Delete Strategies: onDelete Options
When a parent record is deleted, what should happen to its children? The onDelete option controls this:
StrategyWhat HappensUse CaseCASCADEDelete children tooChildren meaningless without parentSET NULLSet foreign key to NULLChildren can exist independentlyRESTRICTPrevent deletion if children existRequire explicit cleanup firstNO ACTIONSame as RESTRICT (default)Safety default
Examples:
typescript
// Experience is meaningless without a CvProfile – delete it too
@ManyToOne(() => CvProfile, (cv) => cv.experiences, {
onDelete: 'CASCADE',
})
cvProfile!: CvProfile;
// MediaAsset can exist without a folder – just unfile it
@ManyToOne(() => MediaFolder, (folder) => folder.media, {
nullable: true,
onDelete: 'SET NULL',
})
folder?: MediaFolder;Choose based on your domain logic. For my CV app, deleting a CvProfile should remove all associated experiences – they don't make sense on their own. But a media asset might be temporarily unfiled, so SET NULL makes sense there.

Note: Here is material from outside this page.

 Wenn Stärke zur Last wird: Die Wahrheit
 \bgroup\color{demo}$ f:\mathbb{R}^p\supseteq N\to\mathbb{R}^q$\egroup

Module Setup: Wiring It All Together
Finally, here's how to register your entities with NestJS:
typescript
// projects/projects.module.ts
import { Module } from '@nestjs/common';
import { TypeOrmModule } from '@nestjs/typeorm';
import { Project } from '../entities/project.entity';
import { ProjectMedia } from '../entities/project-media.entity';
import { MediaAsset } from '../entities/media-assets.entity';
import { ProjectsController } from './projects.controller';
import { ProjectsService } from './projects.service';
@Module({
imports: [
// Register entities for this module's repositories
TypeOrmModule.forFeature([Project, ProjectMedia, MediaAsset]),
],
controllers: [ProjectsController],
providers: [ProjectsService],
exports: [ProjectsService], // Allow other modules to use this service
})
export class ProjectsModule {}TypeOrmModule.forFeature() makes repositories for the specified entities available for injection within this module. Each entity you want to @InjectRepository() must be listed here.
Summary
Here's a cheatsheet of the patterns covered:
┌─────────────────────────────────────────────────────────────┐
│ TypeORM Patterns │
├─────────────────────────────────────────────────────────────┤
│ │
│ @Entity() → Defines a database table │
│ @Column() → Defines a column │
│ @PrimaryGeneratedColumn('uuid') → Auto-generated ID │
│ @CreateDateColumn → Auto-set on insert │
│ @UpdateDateColumn → Auto-updated on save │
│ │
│ @OneToMany / @ManyToOne → 1:n relationship │
│ @ManyToMany → n:m relationship │
│ Join Table → n:m with extra fields │
│ │
│ cascade: true → Auto-save children │
│ onDelete: 'CASCADE' → Auto-delete children │
│ eager: true → Auto-load relation │
│ │
│ Repository.find() → Simple queries │
│ QueryBuilder → Complex queries with full control │
│ │
└─────────────────────────────────────────────────────────────┘The key insight is matching your data model to TypeORM's strengths: use JSON for nested data you always load together, use relations for entities with independent lifecycles, and use QueryBuilder when the standard repository methods aren't enough.
TypeORM isn't the only choice for NestJS (Prisma and MikroORM are solid alternatives), but its decorator-based approach fits naturally with NestJS's style. Once you understand the patterns, database operations become almost declarative – you describe what you want, and TypeORM figures out the SQL.